I call it the five year old syndrome and I began to experience it after I'd had a ruptured brain aneurysm in December 2009. One of the things I lost was my ability to multi-task. I had been an elementary school teacher working in the inner-city and with 25 plus students usually under the age of 10, one had to be very adept at multi-tasking. If you don't believe me, try cramming 25-30 active 7 and 8 years olds into a small classroom built in 1931, and spending the entire day alone with them teaching them things like reading, languarge arts, math, science, social studies, social skills and... you get the idea. It is like being the captain of a ship trying to maintain course, despite the frequent eruption of storms.
I was good at multi-tasking and needing to make changes at the drop of a hat. The brain aneurysm changed all of that. Not only could I no longer multi-task, the prospect of merely having to think for a moment about what I would do after I finished Task A could reduce me to tears and in the early days, often did. While I was gradually able to regain some control of the exhibition of my emotions, the internal panic still remained. Outwardly I am a capable-looking 54 year old woman. Internally, however, I am often a little girl, desperately trying to be brave.
I came across this picture of me and my dad a few years ago and I love it because when I look at it, I notice a few things. First of all, there I am, attempting to do something that I cannot do on my own. I attempted to get on my tricycle but I couldn't. I have seen this scenario enough over the years to know exactly what had happened. The very young child attempts to get on the tricycle but it moves. So, they try to hold onto the handlebars to keep it from moving but they lack the gross motor skills to bring that leg up and over the seat while hanging onto the tricycle. When they attempt to do so, they usually end up pushing the seat or the handlebars away from them and must start over again. In other words, they are rather clumsy at first until they learn how to do it. Practice makes perfect but we still have the problem of learning how to do this in the first place.
Knowing that I could not do it, my father comes to my rescue. He does not scold me for not being able to do it but he doesn't put me on the tricycle either. To do so would teach me nothing about how to get on it. Instead he does what I cannot do.

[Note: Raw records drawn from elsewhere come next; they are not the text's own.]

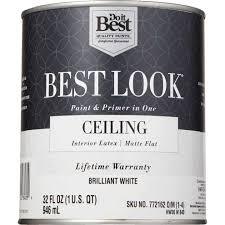 CEILING PAINT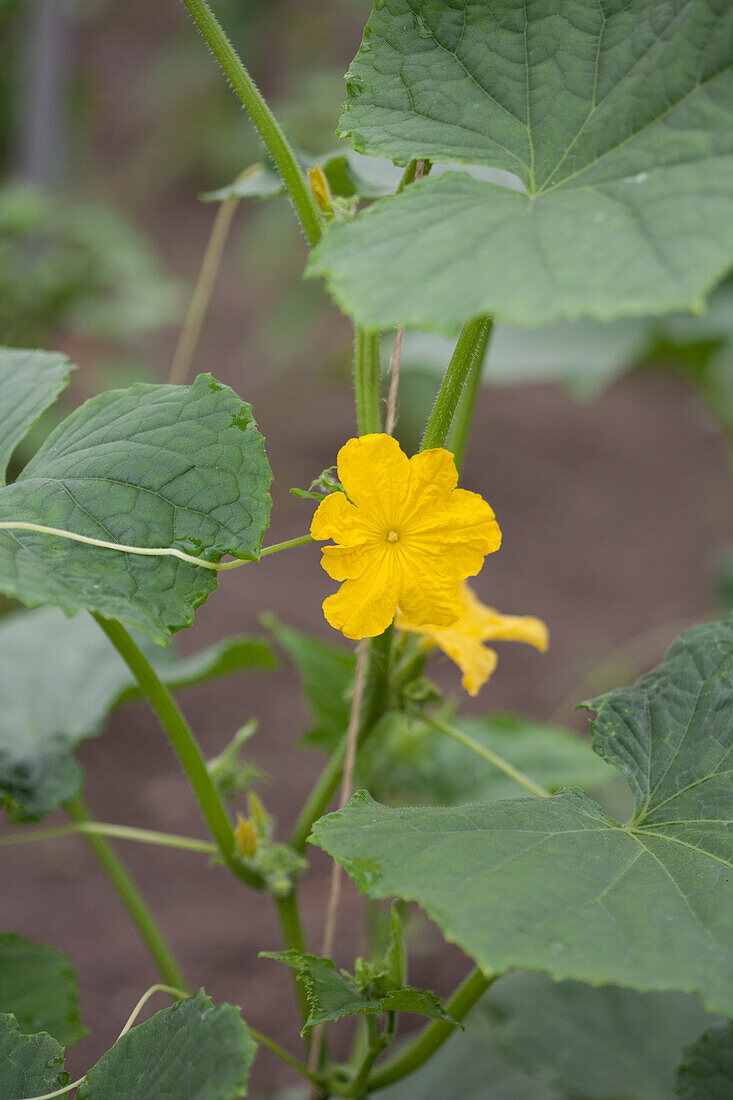 Gurkenblüte an Gurkenranke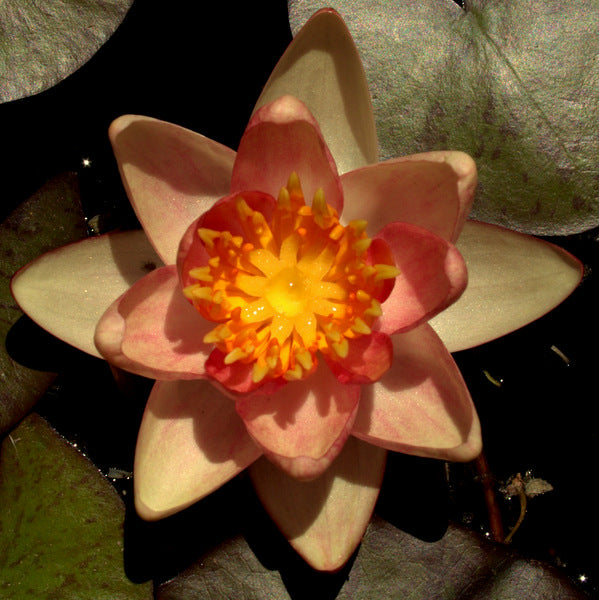 Small Growing Water Lilies Available In Store Only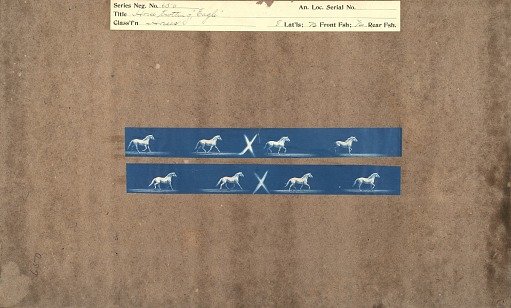 Horse trotting 'Eagle'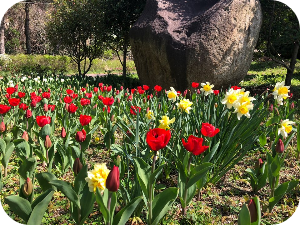 하늘빛수목정원 봄꽃 & 튤립축제 이미지 출처: 하늘빛 수목정원 홈페이지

He holds the tricycle steady so that I can mount it.
Another thing I notice in this picture is that my dad's right hand is over my right hand and he is directly behind me. He is not only keeping the tricycle steady, he is holding onto me. I don't appear to be aware of it, for I am not looking at his hand. However, his hand is there, covering mine. His close proximity to me clearly shows me, more than 50 years later that even if I let go, even if I slipped and started to fall, he would catch me and I would be safe.
See how all of his attention is focused on me. He does not even lift his face up to look at the camera. One hundred percent of his attention is on helping his little daughter do what she cannot do on her own and keeping her safe.
Finally, notice the look on my face. There is no fear. I am not looking back at my dad, wondering if he will help me and keep me safe. Instead I am looking straight ahead which suggests that I am completely confident that my daddy will help me and that I have nothing to fear.
Whenever I look at this picture, my thoughts turn to my Heavenly Father. If my earthly father did these things for me, how much more so does my Heavenly Father do these things for me as well? He helps me to do the things that I cannot do. He encircles me with His love, keeps things "steady" and holds onto my hand. When I fall, He is there to catch me and His eyes are ever upon me and they are also ever upon you.
Keep me as the apple of the eye, hide me under the shadow of thy wings, Psalm 17:8 (KJV)
amen to that, i'm feeling blessed thank you
A darling "father/daughter story" that blesses me -- especially today. I've found great comfort in it and the beautiful photo. Thank you, K
A darling "father/daughter story" that blesses me -- especially today.
I've found great comfort in it... and the beautiful photo. Thank you, K .
The thing I noticed first, was you pulling your foot up! This silly foot won't do what it's supposed to, so I will just pick it up and put it where it needs to go! I could not tell it was a tricycle. I actually thought you were just trying to stand (or dance) on one leg!
K, this blog was lovely and I really thank you for sharing it. It was brilliant to see the picture too! Such a beautiful little
I just want to give you a , though, because my mother has MS and faces the same kind of challenge. Used to be the snappiest, smartest person in any room and now she loses her chain of thought halfway through a sentence ... and it can be really upsetting for her, because people often don't realise just how smart she is and treat her as if she were a little slow or dithery. I pray that God will increase your strength ... and give you patience if you also find yourself facing people who just don't 'get' how hard it is for you, and how smart you are.
Am glad that God our Father is with you (and me, and all of us) ALWAYS ... and that he always 'gets' what is going on on the inside, so we are never suffering in secret or alone.
Thank you for the reminder.
What a beautiful example of the Father's loving guidence.